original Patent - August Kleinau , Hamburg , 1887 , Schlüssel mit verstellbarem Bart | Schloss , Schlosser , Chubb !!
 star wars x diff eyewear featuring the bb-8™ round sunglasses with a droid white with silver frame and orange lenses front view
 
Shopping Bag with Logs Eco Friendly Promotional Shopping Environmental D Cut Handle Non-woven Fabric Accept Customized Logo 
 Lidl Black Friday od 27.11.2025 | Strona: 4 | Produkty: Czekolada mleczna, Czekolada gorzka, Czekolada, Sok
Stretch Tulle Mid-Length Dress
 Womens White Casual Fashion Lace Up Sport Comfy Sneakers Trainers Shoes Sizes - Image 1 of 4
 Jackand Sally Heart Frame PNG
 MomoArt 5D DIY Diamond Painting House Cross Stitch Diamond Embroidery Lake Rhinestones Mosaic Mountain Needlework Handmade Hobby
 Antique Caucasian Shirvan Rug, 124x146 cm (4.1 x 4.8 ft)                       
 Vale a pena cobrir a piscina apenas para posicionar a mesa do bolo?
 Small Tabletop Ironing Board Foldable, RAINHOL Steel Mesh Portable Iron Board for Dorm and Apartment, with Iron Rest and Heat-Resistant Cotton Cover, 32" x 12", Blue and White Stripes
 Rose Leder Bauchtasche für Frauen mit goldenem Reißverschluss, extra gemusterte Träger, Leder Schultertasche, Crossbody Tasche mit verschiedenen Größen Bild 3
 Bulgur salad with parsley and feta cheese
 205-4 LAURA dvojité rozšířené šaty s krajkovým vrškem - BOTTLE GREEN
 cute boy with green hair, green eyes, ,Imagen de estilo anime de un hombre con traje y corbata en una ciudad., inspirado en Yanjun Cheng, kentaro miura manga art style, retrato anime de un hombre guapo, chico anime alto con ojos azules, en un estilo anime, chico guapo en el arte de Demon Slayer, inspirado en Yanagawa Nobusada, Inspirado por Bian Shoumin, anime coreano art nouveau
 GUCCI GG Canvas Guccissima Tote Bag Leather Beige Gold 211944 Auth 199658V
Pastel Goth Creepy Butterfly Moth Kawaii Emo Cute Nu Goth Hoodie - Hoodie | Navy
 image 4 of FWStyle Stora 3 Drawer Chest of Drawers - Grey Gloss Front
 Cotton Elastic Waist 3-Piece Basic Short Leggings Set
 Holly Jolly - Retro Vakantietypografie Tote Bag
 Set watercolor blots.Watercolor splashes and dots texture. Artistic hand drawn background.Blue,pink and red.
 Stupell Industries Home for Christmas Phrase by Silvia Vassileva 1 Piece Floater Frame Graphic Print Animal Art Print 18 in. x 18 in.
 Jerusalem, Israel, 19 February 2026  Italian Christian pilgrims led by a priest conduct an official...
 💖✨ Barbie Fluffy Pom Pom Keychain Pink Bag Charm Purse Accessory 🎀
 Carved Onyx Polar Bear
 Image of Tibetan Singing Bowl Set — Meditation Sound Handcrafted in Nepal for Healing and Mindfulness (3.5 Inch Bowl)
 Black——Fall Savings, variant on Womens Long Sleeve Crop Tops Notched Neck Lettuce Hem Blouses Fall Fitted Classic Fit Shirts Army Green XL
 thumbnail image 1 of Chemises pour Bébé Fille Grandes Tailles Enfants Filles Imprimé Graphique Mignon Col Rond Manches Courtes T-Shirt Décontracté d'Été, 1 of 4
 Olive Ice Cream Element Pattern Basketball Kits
══════
For this exercise, copy all of the material exactly as it stands.

* _FINAL ANSWER_:
original Patent - August Kleinau , Hamburg , 1887 , Schlüssel mit verstellbarem Bart | Schloss , Schlosser , Chubb !!
 star wars x diff eyewear featuring the bb-8™ round sunglasses with a droid white with silver frame and orange lenses front view
 
Shopping Bag with Logs Eco Friendly Promotional Shopping Environmental D Cut Handle Non-woven Fabric Accept Customized Logo 
 Lidl Black Friday od 27.11.2025 | Strona: 4 | Produkty: Czekolada mleczna, Czekolada gorzka, Czekolada, Sok
Stretch Tulle Mid-Length Dress
 Womens White Casual Fashion Lace Up Sport Comfy Sneakers Trainers Shoes Sizes - Image 1 of 4
 Jackand Sally Heart Frame PNG
 MomoArt 5D DIY Diamond Painting House Cross Stitch Diamond Embroidery Lake Rhinestones Mosaic Mountain Needlework Handmade Hobby
 Antique Caucasian Shirvan Rug, 124x146 cm (4.1 x 4.8 ft)                       
 Vale a pena cobrir a piscina apenas para posicionar a mesa do bolo?
 Small Tabletop Ironing Board Foldable, RAINHOL Steel Mesh Portable Iron Board for Dorm and Apartment, with Iron Rest and Heat-Resistant Cotton Cover, 32" x 12", Blue and White Stripes
 Rose Leder Bauchtasche für Frauen mit goldenem Reißverschluss, extra gemusterte Träger, Leder Schultertasche, Crossbody Tasche mit verschiedenen Größen Bild 3
 Bulgur salad with parsley and feta cheese
 205-4 LAURA dvojité rozšířené šaty s krajkovým vrškem - BOTTLE GREEN
 cute boy with green hair, green eyes, ,Imagen de estilo anime de un hombre con traje y corbata en una ciudad., inspirado en Yanjun Cheng, kentaro miura manga art style, retrato anime de un hombre guapo, chico anime alto con ojos azules, en un estilo anime, chico guapo en el arte de Demon Slayer, inspirado en Yanagawa Nobusada, Inspirado por Bian Shoumin, anime coreano art nouveau
 GUCCI GG Canvas Guccissima Tote Bag Leather Beige Gold 211944 Auth 199658V
Pastel Goth Creepy Butterfly Moth Kawaii Emo Cute Nu Goth Hoodie - Hoodie | Navy
 image 4 of FWStyle Stora 3 Drawer Chest of Drawers - Grey Gloss Front
 Cotton Elastic Waist 3-Piece Basic Short Leggings Set
 Holly Jolly - Retro Vakantietypografie Tote Bag
 Set watercolor blots.Watercolor splashes and dots texture. Artistic hand drawn background.Blue,pink and red.
 Stupell Industries Home for Christmas Phrase by Silvia Vassileva 1 Piece Floater Frame Graphic Print Animal Art Print 18 in. x 18 in.
 Jerusalem, Israel, 19 February 2026  Italian Christian pilgrims led by a priest conduct an official...
 💖✨ Barbie Fluffy Pom Pom Keychain Pink Bag Charm Purse Accessory 🎀
 Carved Onyx Polar Bear
 Image of Tibetan Singing Bowl Set — Meditation Sound Handcrafted in Nepal for Healing and Mindfulness (3.5 Inch Bowl)
 Black——Fall Savings, variant on Womens Long Sleeve Crop Tops Notched Neck Lettuce Hem Blouses Fall Fitted Classic Fit Shirts Army Green XL
 thumbnail image 1 of Chemises pour Bébé Fille Grandes Tailles Enfants Filles Imprimé Graphique Mignon Col Rond Manches Courtes T-Shirt Décontracté d'Été, 1 of 4
 Olive Ice Cream Element Pattern Basketball Kits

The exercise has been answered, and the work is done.